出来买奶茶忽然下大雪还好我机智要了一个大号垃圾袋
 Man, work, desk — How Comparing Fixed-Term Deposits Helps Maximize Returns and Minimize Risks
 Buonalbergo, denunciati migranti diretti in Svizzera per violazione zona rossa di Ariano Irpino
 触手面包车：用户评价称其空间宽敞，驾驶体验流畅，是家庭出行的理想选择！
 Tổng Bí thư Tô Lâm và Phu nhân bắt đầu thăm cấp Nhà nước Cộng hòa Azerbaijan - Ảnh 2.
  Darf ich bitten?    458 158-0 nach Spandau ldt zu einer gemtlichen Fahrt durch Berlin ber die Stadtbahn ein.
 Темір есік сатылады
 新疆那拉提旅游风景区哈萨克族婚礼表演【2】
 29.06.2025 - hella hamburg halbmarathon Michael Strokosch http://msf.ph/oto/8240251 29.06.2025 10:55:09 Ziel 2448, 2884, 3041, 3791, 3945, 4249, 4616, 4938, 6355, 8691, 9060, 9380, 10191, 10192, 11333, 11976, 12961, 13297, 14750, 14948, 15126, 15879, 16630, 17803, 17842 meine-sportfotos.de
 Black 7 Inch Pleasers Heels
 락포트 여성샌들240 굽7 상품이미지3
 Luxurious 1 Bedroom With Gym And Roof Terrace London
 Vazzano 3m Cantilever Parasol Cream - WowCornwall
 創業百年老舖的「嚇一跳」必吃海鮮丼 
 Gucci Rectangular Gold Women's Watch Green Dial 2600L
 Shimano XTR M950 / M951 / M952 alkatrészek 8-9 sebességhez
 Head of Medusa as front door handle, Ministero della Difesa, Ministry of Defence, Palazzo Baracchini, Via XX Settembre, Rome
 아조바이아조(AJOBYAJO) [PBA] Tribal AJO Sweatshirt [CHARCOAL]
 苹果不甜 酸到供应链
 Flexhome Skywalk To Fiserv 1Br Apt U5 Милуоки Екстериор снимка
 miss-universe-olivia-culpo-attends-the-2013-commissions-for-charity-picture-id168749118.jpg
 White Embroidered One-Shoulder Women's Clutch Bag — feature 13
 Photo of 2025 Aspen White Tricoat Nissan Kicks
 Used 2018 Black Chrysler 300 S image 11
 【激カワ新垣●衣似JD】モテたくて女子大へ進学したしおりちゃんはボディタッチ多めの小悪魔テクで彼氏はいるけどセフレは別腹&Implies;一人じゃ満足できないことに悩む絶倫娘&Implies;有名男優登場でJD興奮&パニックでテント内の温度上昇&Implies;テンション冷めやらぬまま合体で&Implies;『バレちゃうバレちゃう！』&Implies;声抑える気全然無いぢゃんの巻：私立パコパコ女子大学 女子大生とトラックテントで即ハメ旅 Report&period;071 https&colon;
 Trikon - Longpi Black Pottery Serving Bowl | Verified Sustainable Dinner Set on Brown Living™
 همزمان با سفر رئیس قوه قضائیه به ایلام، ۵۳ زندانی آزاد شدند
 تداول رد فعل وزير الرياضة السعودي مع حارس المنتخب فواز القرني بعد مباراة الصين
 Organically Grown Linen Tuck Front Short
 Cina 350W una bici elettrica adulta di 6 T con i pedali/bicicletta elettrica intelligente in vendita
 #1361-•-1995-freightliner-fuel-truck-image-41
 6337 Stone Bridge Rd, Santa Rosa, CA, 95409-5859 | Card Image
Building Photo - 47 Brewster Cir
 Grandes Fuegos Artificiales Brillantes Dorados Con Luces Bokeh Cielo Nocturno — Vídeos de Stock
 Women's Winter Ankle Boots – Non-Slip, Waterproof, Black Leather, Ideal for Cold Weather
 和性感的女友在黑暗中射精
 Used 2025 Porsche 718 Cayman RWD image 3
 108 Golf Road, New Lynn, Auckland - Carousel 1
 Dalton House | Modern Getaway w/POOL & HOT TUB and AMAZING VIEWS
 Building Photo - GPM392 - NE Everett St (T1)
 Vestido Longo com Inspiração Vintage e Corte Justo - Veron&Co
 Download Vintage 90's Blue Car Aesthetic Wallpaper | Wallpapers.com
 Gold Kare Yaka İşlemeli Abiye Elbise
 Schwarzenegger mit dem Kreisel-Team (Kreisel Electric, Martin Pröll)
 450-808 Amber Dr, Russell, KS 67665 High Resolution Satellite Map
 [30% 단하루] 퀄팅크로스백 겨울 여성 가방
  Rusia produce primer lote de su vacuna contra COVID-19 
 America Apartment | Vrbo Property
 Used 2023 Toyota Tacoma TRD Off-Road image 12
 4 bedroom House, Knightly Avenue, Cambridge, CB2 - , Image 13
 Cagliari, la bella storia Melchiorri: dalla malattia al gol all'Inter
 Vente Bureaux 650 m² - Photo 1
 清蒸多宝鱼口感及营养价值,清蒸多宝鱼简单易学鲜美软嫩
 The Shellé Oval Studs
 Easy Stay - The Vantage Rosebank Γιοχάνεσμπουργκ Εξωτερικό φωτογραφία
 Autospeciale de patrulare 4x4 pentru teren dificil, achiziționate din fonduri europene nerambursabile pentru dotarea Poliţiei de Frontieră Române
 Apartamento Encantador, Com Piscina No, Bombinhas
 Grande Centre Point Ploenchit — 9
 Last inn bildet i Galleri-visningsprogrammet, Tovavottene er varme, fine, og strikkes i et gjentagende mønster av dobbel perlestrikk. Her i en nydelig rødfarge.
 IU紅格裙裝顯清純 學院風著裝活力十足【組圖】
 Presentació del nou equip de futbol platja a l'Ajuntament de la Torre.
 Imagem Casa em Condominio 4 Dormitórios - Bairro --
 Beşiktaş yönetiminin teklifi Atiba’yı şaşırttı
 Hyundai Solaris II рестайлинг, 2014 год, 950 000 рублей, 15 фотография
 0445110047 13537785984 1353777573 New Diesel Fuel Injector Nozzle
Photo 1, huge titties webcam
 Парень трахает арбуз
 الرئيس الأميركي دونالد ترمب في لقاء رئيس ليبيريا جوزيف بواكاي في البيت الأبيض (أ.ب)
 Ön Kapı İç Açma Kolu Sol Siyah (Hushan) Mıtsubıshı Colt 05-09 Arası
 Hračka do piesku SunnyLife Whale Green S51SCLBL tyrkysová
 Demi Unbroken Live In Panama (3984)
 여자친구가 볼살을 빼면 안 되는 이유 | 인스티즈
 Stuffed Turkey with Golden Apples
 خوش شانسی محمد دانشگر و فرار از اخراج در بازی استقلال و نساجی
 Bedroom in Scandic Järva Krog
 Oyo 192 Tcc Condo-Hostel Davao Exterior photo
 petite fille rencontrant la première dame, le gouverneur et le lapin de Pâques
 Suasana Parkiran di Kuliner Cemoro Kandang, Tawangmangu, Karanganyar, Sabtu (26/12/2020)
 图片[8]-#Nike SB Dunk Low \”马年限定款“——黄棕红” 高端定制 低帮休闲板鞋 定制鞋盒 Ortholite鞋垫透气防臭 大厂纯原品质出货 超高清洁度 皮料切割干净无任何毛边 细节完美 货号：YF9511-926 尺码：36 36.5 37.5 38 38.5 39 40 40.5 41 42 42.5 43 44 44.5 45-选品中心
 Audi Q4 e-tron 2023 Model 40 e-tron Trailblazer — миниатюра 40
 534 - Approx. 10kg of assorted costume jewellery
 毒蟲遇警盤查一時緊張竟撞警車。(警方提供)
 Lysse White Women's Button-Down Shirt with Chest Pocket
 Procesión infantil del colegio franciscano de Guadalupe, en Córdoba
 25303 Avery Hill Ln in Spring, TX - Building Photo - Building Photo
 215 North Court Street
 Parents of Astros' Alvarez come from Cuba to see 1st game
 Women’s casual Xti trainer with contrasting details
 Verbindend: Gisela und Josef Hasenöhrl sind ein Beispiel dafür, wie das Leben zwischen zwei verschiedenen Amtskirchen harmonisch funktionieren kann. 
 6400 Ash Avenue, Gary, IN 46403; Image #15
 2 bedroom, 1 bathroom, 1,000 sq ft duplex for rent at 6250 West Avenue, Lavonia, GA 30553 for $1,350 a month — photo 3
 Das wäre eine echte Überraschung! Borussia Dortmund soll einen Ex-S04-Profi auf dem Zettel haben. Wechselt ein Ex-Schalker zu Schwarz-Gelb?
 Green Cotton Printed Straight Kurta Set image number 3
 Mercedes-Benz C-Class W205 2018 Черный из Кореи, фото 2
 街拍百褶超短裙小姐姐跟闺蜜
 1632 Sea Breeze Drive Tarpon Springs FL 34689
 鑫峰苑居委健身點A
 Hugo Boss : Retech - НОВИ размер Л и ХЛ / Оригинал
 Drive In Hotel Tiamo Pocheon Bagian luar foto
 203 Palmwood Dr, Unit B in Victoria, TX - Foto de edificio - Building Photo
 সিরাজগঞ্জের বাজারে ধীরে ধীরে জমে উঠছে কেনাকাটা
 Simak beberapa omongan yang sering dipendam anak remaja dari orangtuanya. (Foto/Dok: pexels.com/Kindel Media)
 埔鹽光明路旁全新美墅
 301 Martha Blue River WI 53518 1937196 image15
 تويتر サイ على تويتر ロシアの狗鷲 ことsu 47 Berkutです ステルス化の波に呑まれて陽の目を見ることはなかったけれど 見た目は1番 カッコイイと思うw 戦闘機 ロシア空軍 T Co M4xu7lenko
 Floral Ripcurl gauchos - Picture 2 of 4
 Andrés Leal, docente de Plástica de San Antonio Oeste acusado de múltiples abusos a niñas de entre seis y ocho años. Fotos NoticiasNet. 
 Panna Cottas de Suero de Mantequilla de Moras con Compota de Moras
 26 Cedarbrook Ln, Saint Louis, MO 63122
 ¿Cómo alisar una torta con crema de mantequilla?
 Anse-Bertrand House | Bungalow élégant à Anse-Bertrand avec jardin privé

* WHAT THIS TASK INVOLVES *
Find each line above that contains "Avenue", and copy those lines.

* EXPECTED ANSWER *
 4 bedroom House, Knightly Avenue, Cambridge, CB2 - , Image 13
 6400 Ash Avenue, Gary, IN 46403; Image #15
 2 bedroom, 1 bathroom, 1,000 sq ft duplex for rent at 6250 West Avenue, Lavonia, GA 30553 for $1,350 a month — photo 3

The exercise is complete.